In assessing her loss, Leavens said some voters may have misconstrued her position by thinking that she was exceedingly pro-growth. Her campaign stressed the need to revise the county's longstanding guidelines that control development and protect greenbelts. She also said county officials should be more aggressive in luring high-technology businesses to Ventura County.
"I think a lot of them mis-heard the message about business," Leavens said.
Three other candidates combined for more than 10% of the vote, according to preliminary election results: Robert W. McKay, 5%; Herschel M. Johnson Jr., 2.9%, and Gary L. Wean, 2.6%.
But, from the beginning, the race was between Leavens and Lacey. The first absentee ballot count at 8 p.m. Tuesday showed Lacey leading Leavens 54% to 37.6%. Leavens slowly whittled away that lead as the night wore on, but could not force Lacey below 50%. The final tally at 2 a.m. Wednesday showed Lacey the winner by 3,413 votes, although official results will not be made available by county election officials until the end of the week.
Richard D. Dean, county clerk and recorder, said the race was the closest he could recall in his more than seven years in office. In 1972, Ventura County Supervisor John Flynn, who represents Oxnard, squeaked to victory by 272 votes.
Dean said Tuesday's voter turnout was 43.4%, one of the lowest three turnouts on record for a presidential primary.
In a pattern similar to that in the rest of California, the county's Democrats opted for Michael S. Dukakis over Jesse Jackson by a margin of about 68% to 26%.
In other election results, incumbent Supervisors John Flynn and Maggie Erickson, who were running unopposed, won reelection.
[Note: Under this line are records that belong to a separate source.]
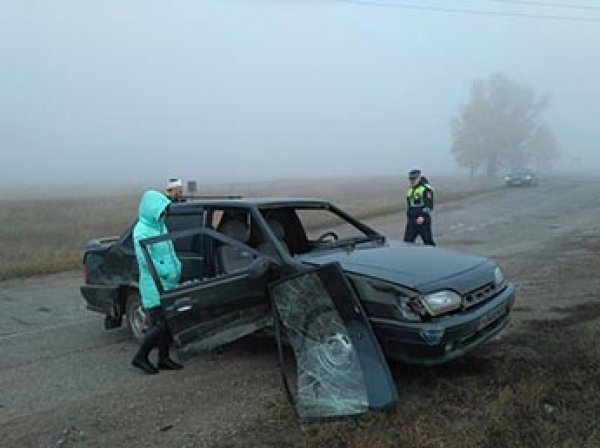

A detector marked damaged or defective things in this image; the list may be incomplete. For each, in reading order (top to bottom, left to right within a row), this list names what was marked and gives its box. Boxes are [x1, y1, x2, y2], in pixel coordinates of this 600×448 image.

detached car door [141, 228, 272, 360]
damaged dark sedan [82, 198, 516, 418]
shattered window glass [270, 270, 370, 420]
detached car door [270, 262, 396, 420]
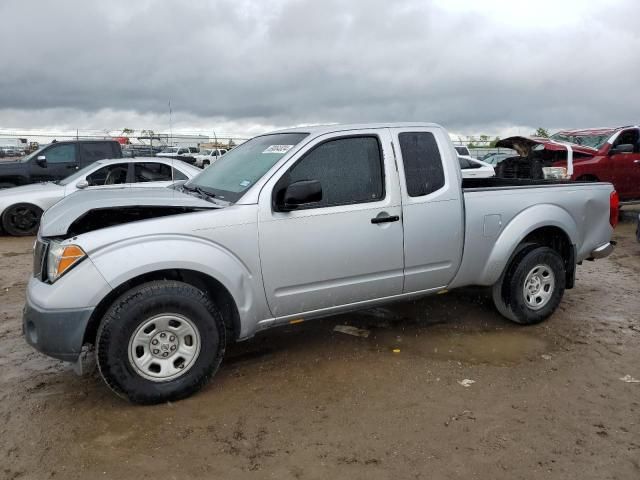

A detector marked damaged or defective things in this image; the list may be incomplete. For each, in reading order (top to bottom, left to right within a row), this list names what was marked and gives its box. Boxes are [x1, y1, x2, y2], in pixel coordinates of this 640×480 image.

damaged front end [496, 135, 596, 180]
crumpled hood [498, 135, 596, 158]
crumpled hood [42, 186, 219, 236]
broken headlight assembly [46, 242, 86, 284]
An emergency tax measure that would raise about $125,000 a year for the Somis Unified School District passed by 55.1% to 44.9%.
2 Commissioners Recalled
In Oxnard's unincorporated beach communities, voters demonstrated support for three controversial assessment districts in retaining three commissioners who had supported the districts. But they recalled two other commissioners who had reversed their support of the districts.
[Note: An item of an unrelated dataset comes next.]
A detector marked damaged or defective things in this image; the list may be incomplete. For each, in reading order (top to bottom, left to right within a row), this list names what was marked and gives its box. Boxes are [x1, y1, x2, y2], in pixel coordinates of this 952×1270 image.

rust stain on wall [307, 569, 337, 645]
Recalled were Kathy Silveri and William J. Higgins. Retained were Phil White, James J. Henry and Patrick M. Forrest.
Moorpark voters overwhelmingly approved a measure that allows the city to keep a greater percentage of its revenue than it could under current state limits. The vote was 79.5% in favor, 20.5% against.
In Camarillo, a measure to raise the city's transient tax from 5% to 9% also passed overwhelmingly, by a 61.3% to 38.7% vote. The transient tax is added to all hotel and motel room rates.